# Data:
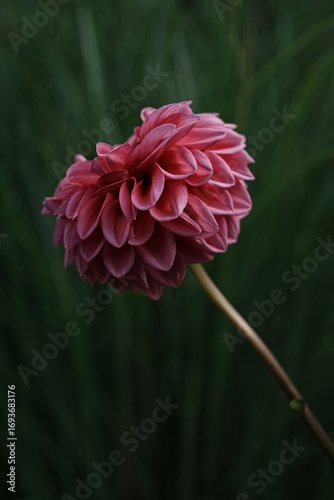 Close-up of a vibrant pink dahlia flower.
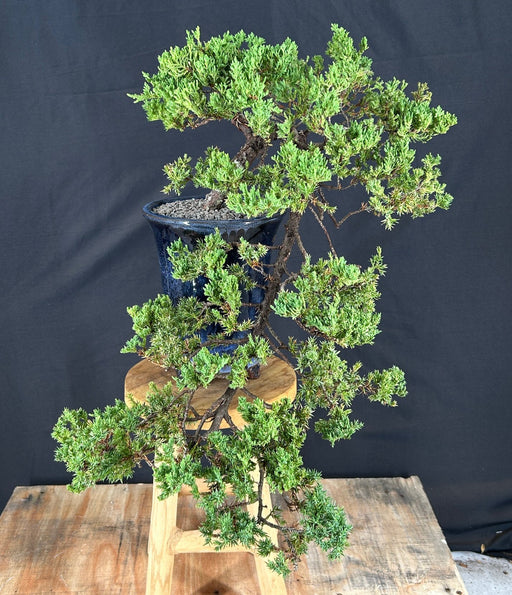 Cascading Juniper Bonsai Tree - (juniper procumbens nana)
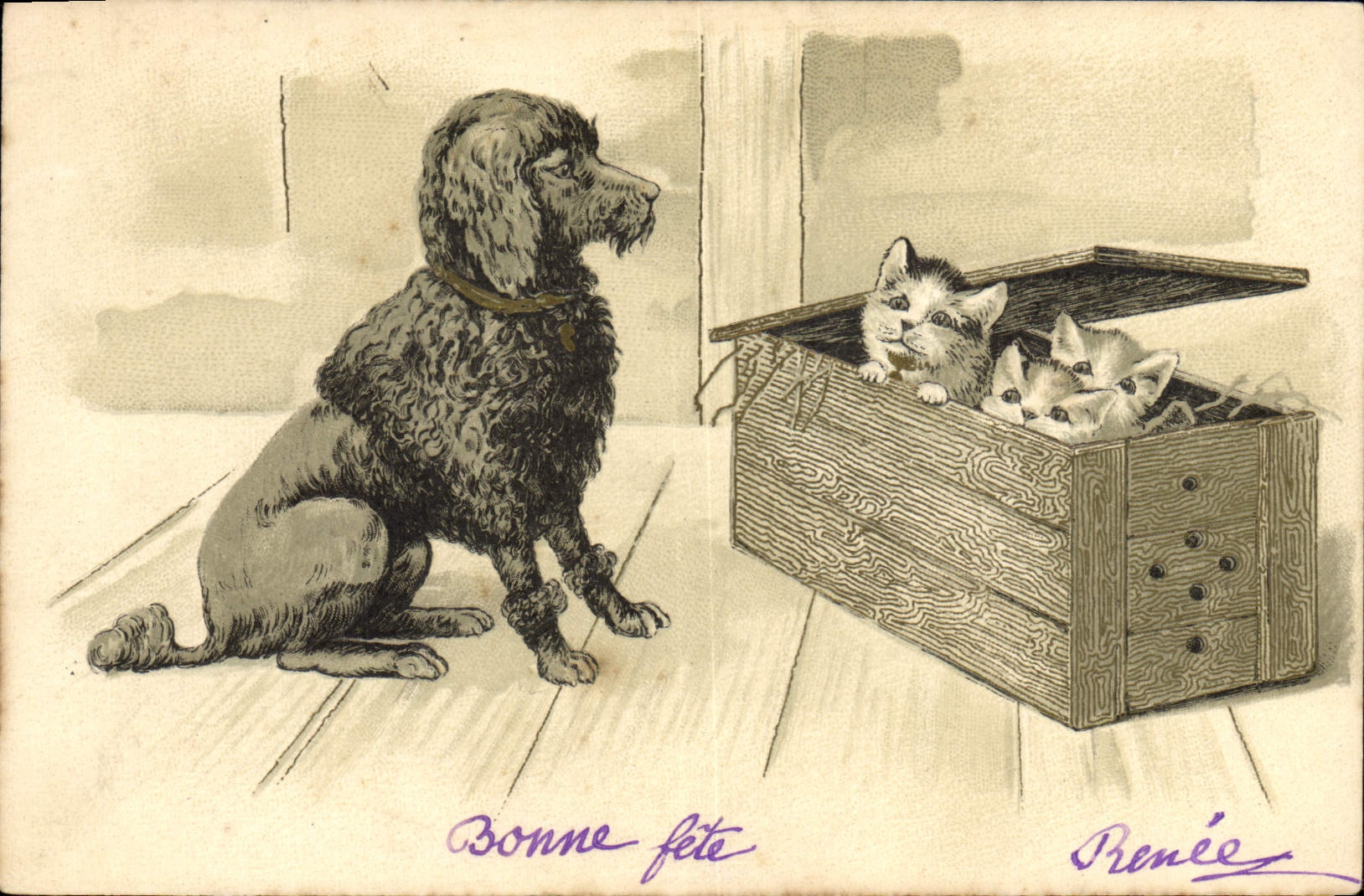 CPA Chien Chiens Chiot Chat chaton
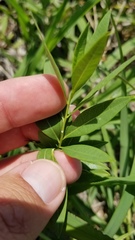 Amsonia tabernaemontana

# Task item:
Beginning with the line that holds "CPA Chien Chiens Chiot Chat chaton", extract every line to the end of the material, exactly as it stands, and drop the pictures.

# Exercise solution:
 CPA Chien Chiens Chiot Chat chaton
 Amsonia tabernaemontana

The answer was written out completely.